Lesson 2:  When Do Parents get to Manage their Minor Child’s Money 

Let’s assume that instead of leaving a Will naming his wife, Lady Mary, as his sole heir, Matthew left no Will.  Under the law at the time, his male heir would inherit Matthew’s wealth and not Lady Mary.  Along with his grandfather, the Earl of Grantham they would own 5/6ths of Downton Abbey.  Lady Mary only has a life estate-she gets to enjoy the use of Downton for her lifetime but is not an owner.  The Earl thinks it is his duty and right to manage the money of his grandson.  Lady Mary is so grief stricken that she can’t seem to think about it.  However, she is gently-sometimes not so gently-encouraged to start taking an active role in managing the changes her late husband put in place to make Downton profitable.  In so doing, she would be stepping into the role of guardian/conservator of her son’s fortune.

This brings up the question of what rights does a surviving parent have when it comes to managing the fortune of their minor child.  I’m sure that if you are a parent you are thinking the answer is simple, you as the parent get to manage the money.  If only that were so.  Texas law states that a parent is the natural guardian of the person of a minor but not the guardian of the estate (money or property).  A parent can manage the money legally but only after you have been appointed by the court to serve as the guardian of the estate of your child.  However, it is not automatic that the court will appoint a parent to serve in that role.  The court will look at a number of factors such as the proposed guardians ability to properly manage the funds and whether or not it is in the child’s best interest that the parent be appointed.  Lord Grantham thinks he should manage the money, assuming Master George is the actual heir to the Crawley fortune.  But, when we look at Lord Grantham’s track record of managing his wife’s fortune (he lost it) a court might not think he is a suitable guardian of the estate for Master George.

As the guardian of the estate, you are not serving in the role of parent, you are serving as a fiduciary with some specific responsibilities concerning the use and investment of the child’s money.  A parent serving as the guardian of the estate is not relieved of their duty to provide economic support for the child.  This means, that you can not use the child’s money to provide for the needs of the child.  You as the parent still have that duty.

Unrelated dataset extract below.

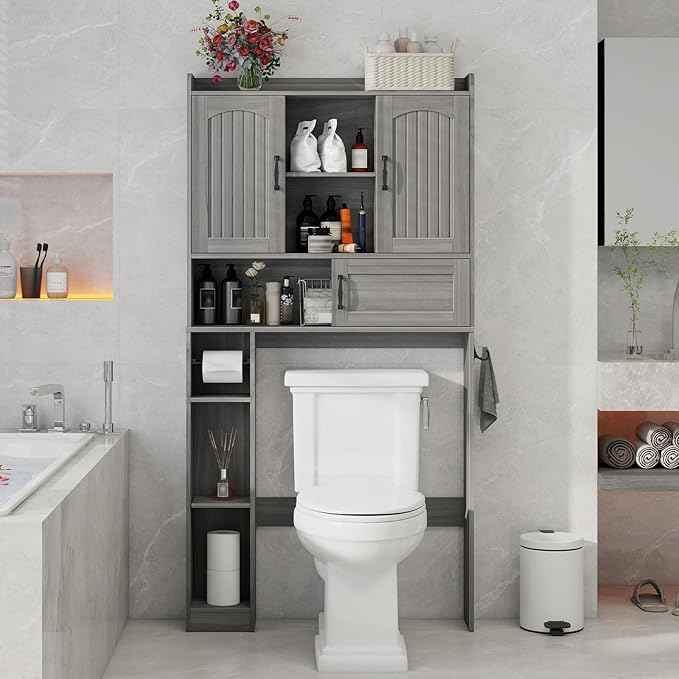Vabches Farmhouse Over The Toilet Storage Cabinet with 2 Barn Doors & Sliding Door, Over The Toilet Bathroom Organizer with Open Storage Layer and Adjustable Shelves & Hooks.Grey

Lesson 3:  The Tax Man Doesn’t Always Ring Twice

In lesson 1 above we had the situation of Lady Mary being the sole heir.  During the time and in the place in which this story is set, there was no law allowing spouses to leave money to one another without having to pay an inheritance/death tax.  For Lady Mary, this means that upon actually getting the money from her deceased husband’s estate, she will have to pay a significant tax.  When she died and left her money to her son George, he would be taxed on his inheritance.  Thus, the tax man rings twice in this scenario.

Under our federal law, spouses can give an unlimited amount of money to each other upon death.  We call this the unlimited marital deduction.  It is a wealth preservation tool.  We also have an estate tax exemption for 2014 of $5.34 million.  This means that an individual can gift up to $5.34 million without having to pay taxes on the gifted amount.  For sums gifted over the $5.34 million, there is a 40% tax rate applied.  Ouch!!

In today’s fairly favorable estate planning world, Lady Mary would inherit her husbands money tax free.  Depending on what type of estate planning she did, she could transfer some of her wealth to her son during life (gifting to George the annual exclusion amount- $14,000 in 2014), thus removing it from her estate.  Proper gifting strategies can be very effective in decreasing the amount of taxes paid by an estate at death.

Finally, the tax man doesn’t always ring twice under current tax laws.    Although some strategies may seem inexpensive and easy now, they can often leave more of a mess upon your death.  To preserve your wealth for you family, it is imperative to engage in estate planning.  I will be watching this season of Downton Abbey for more great estate planning lessons.